* _Directions for this task_
Every line of the data below should be repeated exactly, and no picture should be copied.

* _Supplied information_
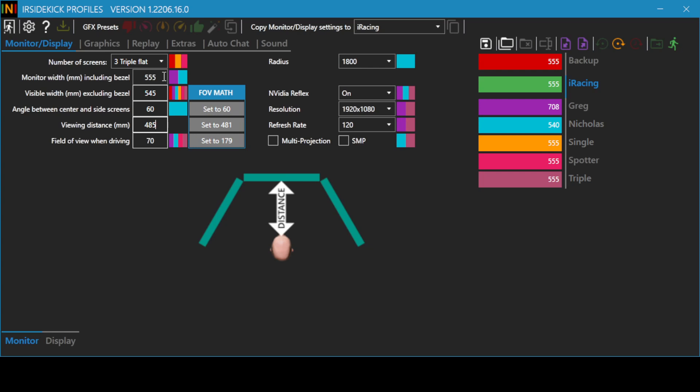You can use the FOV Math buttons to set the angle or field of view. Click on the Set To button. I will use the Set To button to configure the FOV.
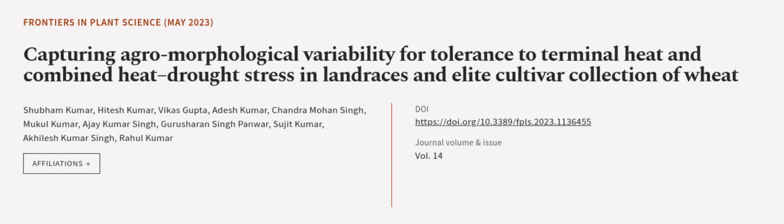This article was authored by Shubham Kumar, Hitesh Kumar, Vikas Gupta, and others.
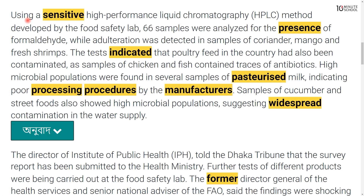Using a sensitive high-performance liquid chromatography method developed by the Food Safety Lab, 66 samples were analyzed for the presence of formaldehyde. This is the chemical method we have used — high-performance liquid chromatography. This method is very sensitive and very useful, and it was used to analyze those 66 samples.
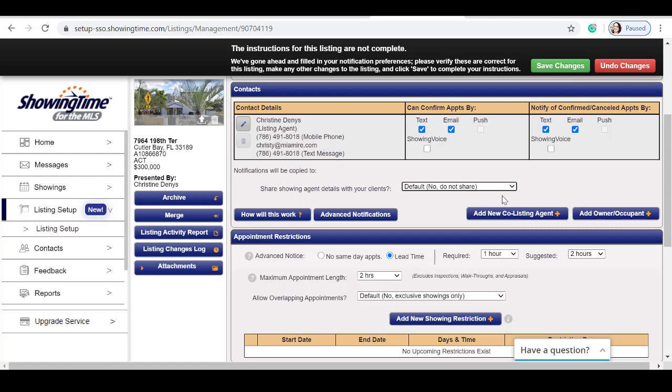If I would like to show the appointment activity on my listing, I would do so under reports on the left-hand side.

* _Expected output_
You can use the FOV Math buttons to set the angle or field of view. Click on the Set To button. I will use the Set To button to configure the FOV.
This article was authored by Shubham Kumar, Hitesh Kumar, Vikas Gupta, and others.
Using a sensitive high-performance liquid chromatography method developed by the Food Safety Lab, 66 samples were analyzed for the presence of formaldehyde. This is the chemical method we have used — high-performance liquid chromatography. This method is very sensitive and very useful, and it was used to analyze those 66 samples.
If I would like to show the appointment activity on my listing, I would do so under reports on the left-hand side.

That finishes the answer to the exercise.